This summer I am going to attend three weddings. Ok, this is not an interesting fact, I know. But this is the reason why I started writing these posts about what I called the Economics of Love. In the end, what motivates people to enter the market for partners is the final intention to get married sooner or later (more or less explicit for women, but I think also latent for men). Why, then, do people want to get married, I asked myself?
Economists started to think about the Economics of Marriage almost 40 years ago with the seminal contributions of Gary Becker with his JPE article, “A Theory of Marriage”. Whenever I speak to non-economists about this literature, they look at me as if economists were immoral nerds. This attitude is widespread and maybe reflects the simple scepticism about the idea that economics can explain any realm of life, as Lazear explained in Economic Imperialism.

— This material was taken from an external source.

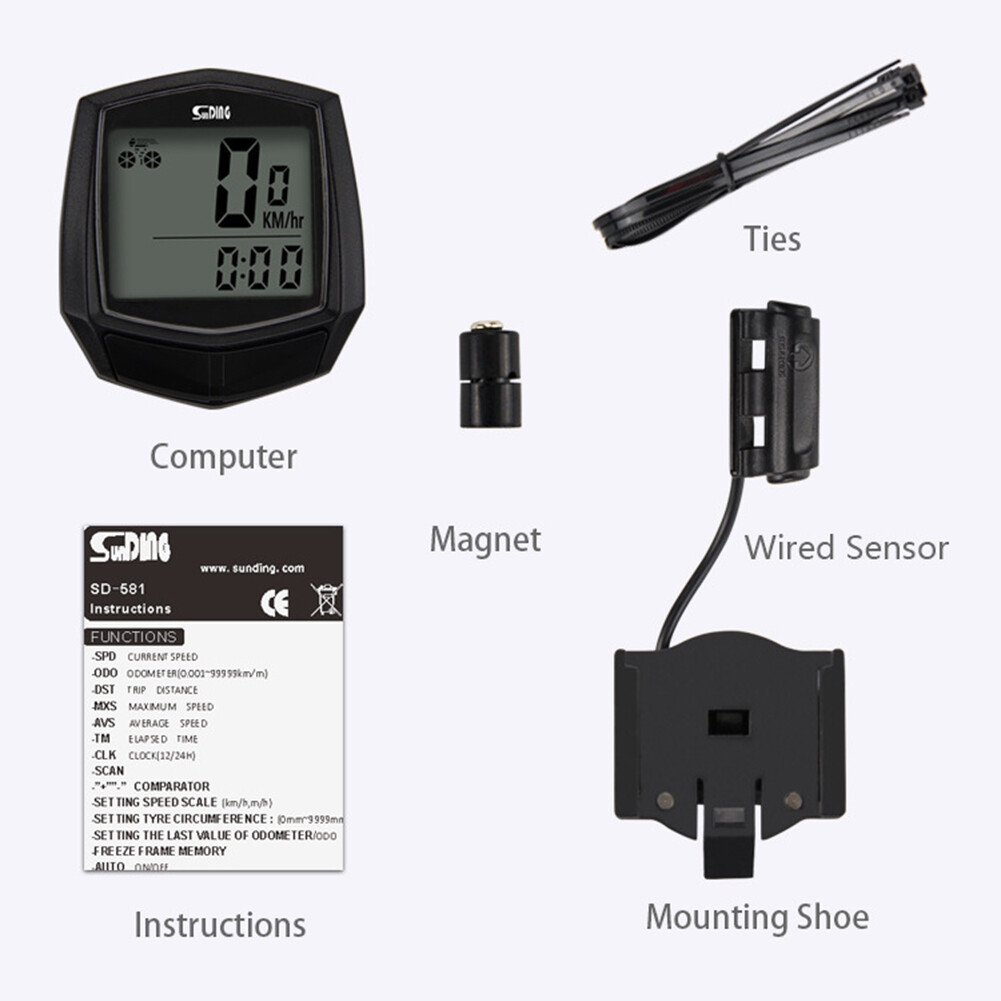Honrane Sunding Waterproof Bicycle Odometer LCD Digital Display Ride Wired Speedometer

To understand the main contribution of that paper and the literature that followed, one needs to know that, at the time of writing, in the 70’s, many women were still out of the labor force. Thinking about the family as a small firm producing non marketable goods, let’s say warm coffee brought to you in bed when you are still sleeping, assistance when you caught a flu and you’re down, Becker’s insight was that, if the man was the provider of financial resources while the woman was the provider of childbearing and domestic activities, a marriage could only mean one thing: gains from specialization. This would have entailed advantages for both partners. You can say this is not a romantic argument for marriage, but still, it’s economically sound.
Since then, societies have undergone enormous changes and transformations. The most important ones are the woman slow but continuous emancipation and increasing government intervention. By providing explicit insurance schemes, like pensions and health care, the governments have reduced the incentive to build a family, which was traditionally the informal provider of such services. Governments have thus also increased the opportunity cost of women to stay out of the labor force while raising their returns from investing in education. In concomitance, formal markets have started producing goods that have reduced the comparative disadvantage of men in doing domestic activities. The combined effect of these transformations has been a constant, declining relevance of legal marriages. Since there are fewer gains from specialization, there are as well reduced incentives from getting married under the economic viewpoint of Becker.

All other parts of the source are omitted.